* Your goal: Precisely the lines from the one with "Three stylized sunsets" through the end of the data, both included, must make up the response, each restated word for word.

* Dataset extract:
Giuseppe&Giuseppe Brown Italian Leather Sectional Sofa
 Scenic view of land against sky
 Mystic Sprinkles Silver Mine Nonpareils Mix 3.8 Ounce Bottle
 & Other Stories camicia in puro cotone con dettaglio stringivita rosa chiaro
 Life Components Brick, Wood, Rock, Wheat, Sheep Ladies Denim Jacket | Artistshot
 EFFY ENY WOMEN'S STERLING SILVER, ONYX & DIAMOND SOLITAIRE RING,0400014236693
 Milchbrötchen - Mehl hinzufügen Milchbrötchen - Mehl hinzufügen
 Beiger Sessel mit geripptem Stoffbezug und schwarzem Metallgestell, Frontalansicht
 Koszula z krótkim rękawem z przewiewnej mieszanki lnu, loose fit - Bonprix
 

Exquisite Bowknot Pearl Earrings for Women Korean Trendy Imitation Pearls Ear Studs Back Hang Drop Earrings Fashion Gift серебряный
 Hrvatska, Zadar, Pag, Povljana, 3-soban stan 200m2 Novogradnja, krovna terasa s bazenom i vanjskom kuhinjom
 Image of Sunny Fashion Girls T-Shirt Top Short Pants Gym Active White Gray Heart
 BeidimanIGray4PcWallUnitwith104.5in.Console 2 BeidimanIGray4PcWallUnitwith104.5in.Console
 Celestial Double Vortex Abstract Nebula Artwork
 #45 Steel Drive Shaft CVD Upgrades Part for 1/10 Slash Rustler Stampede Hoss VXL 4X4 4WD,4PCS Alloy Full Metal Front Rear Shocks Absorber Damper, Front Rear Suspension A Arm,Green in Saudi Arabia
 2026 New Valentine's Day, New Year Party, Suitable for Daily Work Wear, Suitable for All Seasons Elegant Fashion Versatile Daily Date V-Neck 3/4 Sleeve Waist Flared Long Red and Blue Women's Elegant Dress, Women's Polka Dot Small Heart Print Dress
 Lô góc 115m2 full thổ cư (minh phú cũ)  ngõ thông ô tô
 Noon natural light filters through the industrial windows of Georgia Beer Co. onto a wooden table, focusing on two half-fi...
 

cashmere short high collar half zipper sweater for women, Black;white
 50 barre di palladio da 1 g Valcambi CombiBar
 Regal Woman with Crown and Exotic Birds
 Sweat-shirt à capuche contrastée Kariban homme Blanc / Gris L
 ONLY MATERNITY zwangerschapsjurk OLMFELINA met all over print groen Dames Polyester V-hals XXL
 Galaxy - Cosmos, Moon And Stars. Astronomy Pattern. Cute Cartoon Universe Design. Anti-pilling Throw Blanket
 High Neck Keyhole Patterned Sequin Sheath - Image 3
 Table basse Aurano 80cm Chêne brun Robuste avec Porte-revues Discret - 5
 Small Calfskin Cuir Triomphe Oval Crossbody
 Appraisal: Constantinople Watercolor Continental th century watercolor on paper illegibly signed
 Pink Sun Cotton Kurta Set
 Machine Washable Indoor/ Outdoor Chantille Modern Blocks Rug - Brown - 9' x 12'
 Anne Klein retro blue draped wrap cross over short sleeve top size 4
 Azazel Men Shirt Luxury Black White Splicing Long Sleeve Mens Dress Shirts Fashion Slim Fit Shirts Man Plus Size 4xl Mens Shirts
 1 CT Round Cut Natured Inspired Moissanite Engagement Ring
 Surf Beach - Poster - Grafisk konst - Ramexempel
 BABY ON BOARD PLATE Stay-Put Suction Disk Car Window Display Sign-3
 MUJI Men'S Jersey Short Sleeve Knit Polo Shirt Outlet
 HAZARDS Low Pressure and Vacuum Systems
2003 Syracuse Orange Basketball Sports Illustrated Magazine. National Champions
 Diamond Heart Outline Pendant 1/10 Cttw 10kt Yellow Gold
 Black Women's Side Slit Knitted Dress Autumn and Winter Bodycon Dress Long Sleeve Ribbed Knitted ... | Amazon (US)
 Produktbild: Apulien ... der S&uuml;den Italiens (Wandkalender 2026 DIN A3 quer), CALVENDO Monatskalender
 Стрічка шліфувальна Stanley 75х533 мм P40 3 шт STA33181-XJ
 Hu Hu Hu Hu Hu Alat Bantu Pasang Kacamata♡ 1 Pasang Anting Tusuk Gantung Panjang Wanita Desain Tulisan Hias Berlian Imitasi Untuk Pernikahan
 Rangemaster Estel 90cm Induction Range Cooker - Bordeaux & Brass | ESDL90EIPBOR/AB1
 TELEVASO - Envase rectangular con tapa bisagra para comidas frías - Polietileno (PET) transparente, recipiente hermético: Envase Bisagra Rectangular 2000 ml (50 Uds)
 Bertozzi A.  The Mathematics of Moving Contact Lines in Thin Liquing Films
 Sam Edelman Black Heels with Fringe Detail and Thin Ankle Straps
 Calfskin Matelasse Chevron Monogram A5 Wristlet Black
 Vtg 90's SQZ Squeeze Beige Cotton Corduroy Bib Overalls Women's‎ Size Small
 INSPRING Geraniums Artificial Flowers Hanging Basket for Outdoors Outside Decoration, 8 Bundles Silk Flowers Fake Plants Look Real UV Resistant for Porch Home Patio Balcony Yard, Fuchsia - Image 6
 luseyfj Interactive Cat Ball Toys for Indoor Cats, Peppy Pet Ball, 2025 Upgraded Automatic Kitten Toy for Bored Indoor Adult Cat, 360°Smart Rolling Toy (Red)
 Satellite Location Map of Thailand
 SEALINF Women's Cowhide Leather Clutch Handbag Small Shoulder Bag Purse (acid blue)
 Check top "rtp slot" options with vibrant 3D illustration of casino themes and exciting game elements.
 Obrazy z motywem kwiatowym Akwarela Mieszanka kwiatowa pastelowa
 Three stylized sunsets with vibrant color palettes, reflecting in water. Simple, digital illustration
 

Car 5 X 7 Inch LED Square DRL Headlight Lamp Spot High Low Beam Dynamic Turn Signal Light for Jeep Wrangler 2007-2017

* Solution for this task:
 Three stylized sunsets with vibrant color palettes, reflecting in water. Simple, digital illustration
 

Car 5 X 7 Inch LED Square DRL Headlight Lamp Spot High Low Beam Dynamic Turn Signal Light for Jeep Wrangler 2007-2017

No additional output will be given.